Die Salzburger Stiftung Mozarteum hat mit dem Start der ersten volldigitalen Mozart-Ausgabe (DIME) ein neues Zeitalter der Musikedition eingeläutet. „Dies ist eine wirkliche Revolution“, sagte Christoph Wolff vom Packard Humanities Institute in Los Altos/Kalifornien, Projektpartner der Stiftung, am Freitag in Salzburg. Es handele sich nicht um abfotografierte Bilder der gedruckten Ausgabe wie bei der schon seit 2005 verfügbaren Neuen Mozart-Ausgabe (NMA) Online, sondern um einen voll digitalisierten Notentext, in dessen maschinenlesbaren Quellcode auch die dazugehörigen Autographe und Erstdrucke hinterlegt seien.
Der Notentext sei gleichsam „verflüssigt“ worden, sagte Wolff, und stehe nun kostenlos für zahlreiche nicht-kommerzielle Anwendungen zur Verfügung. So können etwa Musikfreunde, Wissenschaftler sowie Profi- und Hobbymusiker verschiedene Ausgabe miteinander vergleichen oder gezielt bestimmte Takte ansteuern. Auf einer speziellen Benutzeroberfläche kann man den Notentext mit auf DIME gespeicherten Musikaufnahmen synchronisieren und die Partitur bequem mitlesen; die aktuell gespielte Sequenz wird dabei farbig markiert.
Bislang umfasst das Projekt allerdings erst wenige Stücke Mozarts wie „Eine kleine Nachtmusik“ oder das „Ave verum corpus“. Innerhalb der nächsten Jahre soll schrittweise das gesamte musikalische Schaffen des österreichischen Musikgenies – mehr als 600 Werke mit rund 25 000 Seiten – digital und interaktiv zugänglich gemacht werden.

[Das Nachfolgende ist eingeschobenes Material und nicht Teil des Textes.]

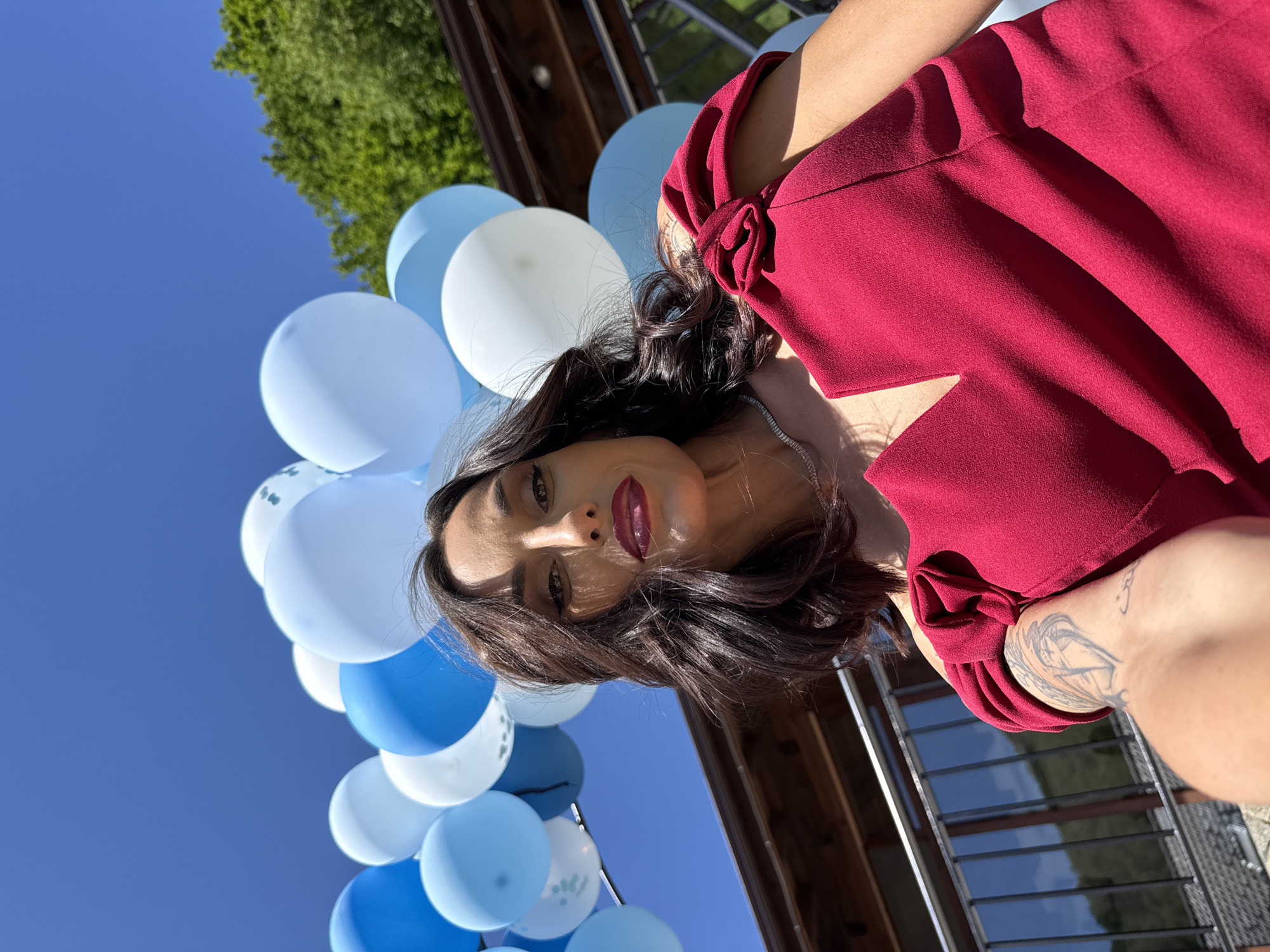 A woman in a burgundy dress is positioned to the right of a bunch of blue and white balloons. The scene is outdoors under a bright blue sky. The location is Ribaritsa, Bulgaria. Behind the balloons, there is a wooden structure and some green foliage. The woman is looking directly at the camera. The woman has dark hair.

Alle Daten, auch der DIME-Quellcode, sind frei zugänglich („open source“) und können in beliebige Projekte integriert werden, etwa eine „Mozart-App“.

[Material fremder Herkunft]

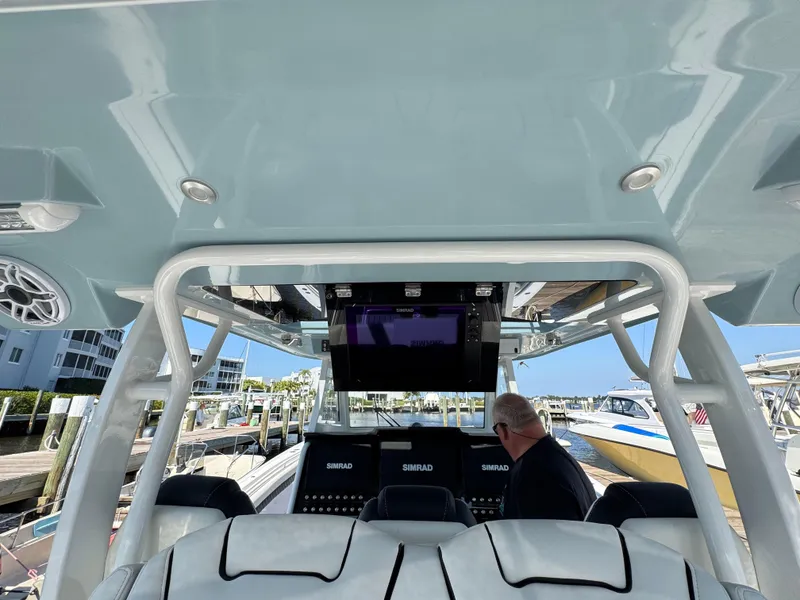 Slide: The Image of 2024 Tidewater 380 CC Adventure boat interior with advanced navigation systems. - 10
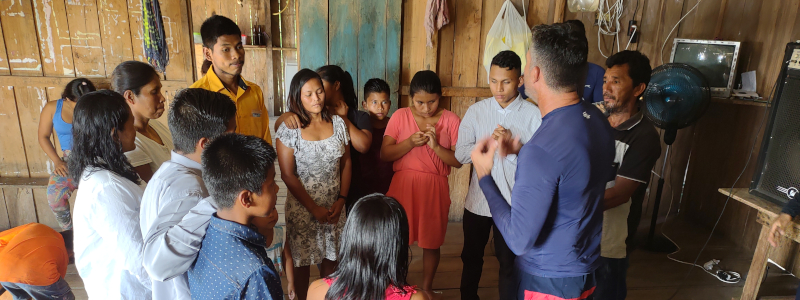 Brazilian Christian missionary prays with men and women in wooden house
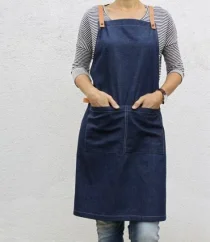 Denim blue barista apron with pockets, front view
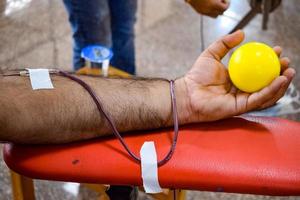 donante de sangre en el campamento de donación de sangre sostenido con una pelota hinchable en la mano en el templo balaji, vivek vihar, delhi, india, imagen para el día mundial del donante de sangre el 14 de junio de cada año, campamento de donación de sangre foto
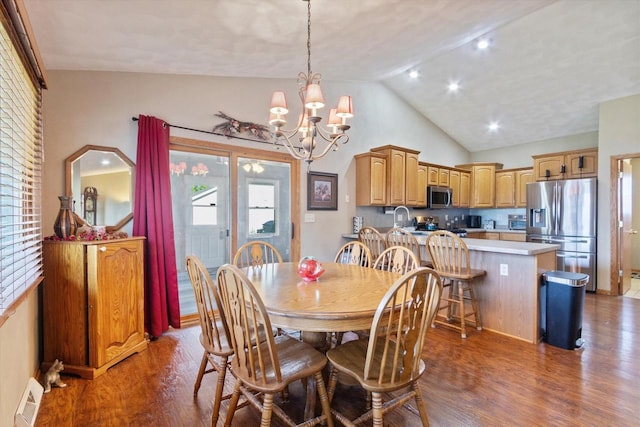 605 E Rime St, Orfordville, WI 53576 - dining space featuring wood finished floors, a chandelier, and high vaulted ceiling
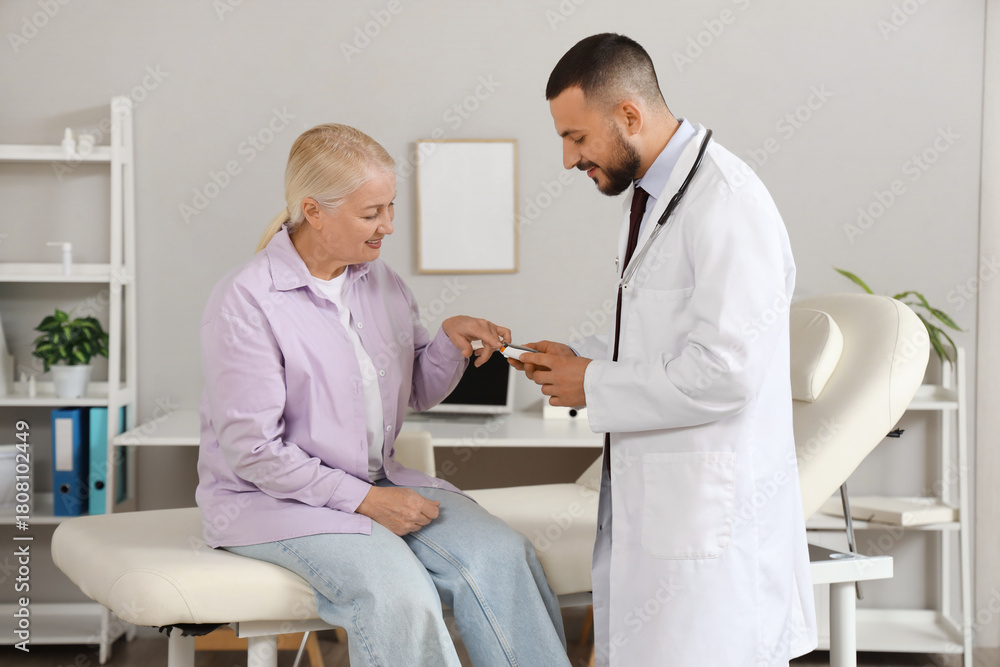 Obraz premium Male doctor with mature woman using glucometer in clinic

Die neue digitale Mozart-Gesamtausgabe soll nicht in Konkurrenz zu den gedruckten Ausgaben der großen Musikverlage stehen. „Wir sind mit DIME weit entfernt von einem aufführbaren Notenmaterial“, sagte Ulrich Leisinger, wissenschaftlicher Leiter der Stiftung Mozarteum.
Im Gegenteil könnten die Verlage selbst an das Angebot „andocken“ und davon profitieren. Im Konzertalltag haben sich digitale Noten noch nicht durchgesetzt. „Die Nachfrage nach qualitativ hochwertigen Ausgaben, für die deutsche Musikverlage weltweit bekannt sind, ist trotz digitaler Angebote und freier Verfügbarkeit ungebrochen“, sagte Birgit Böcher, stellvertretende Geschäftsführerin des Deutschen Musikverleger-Verbandes.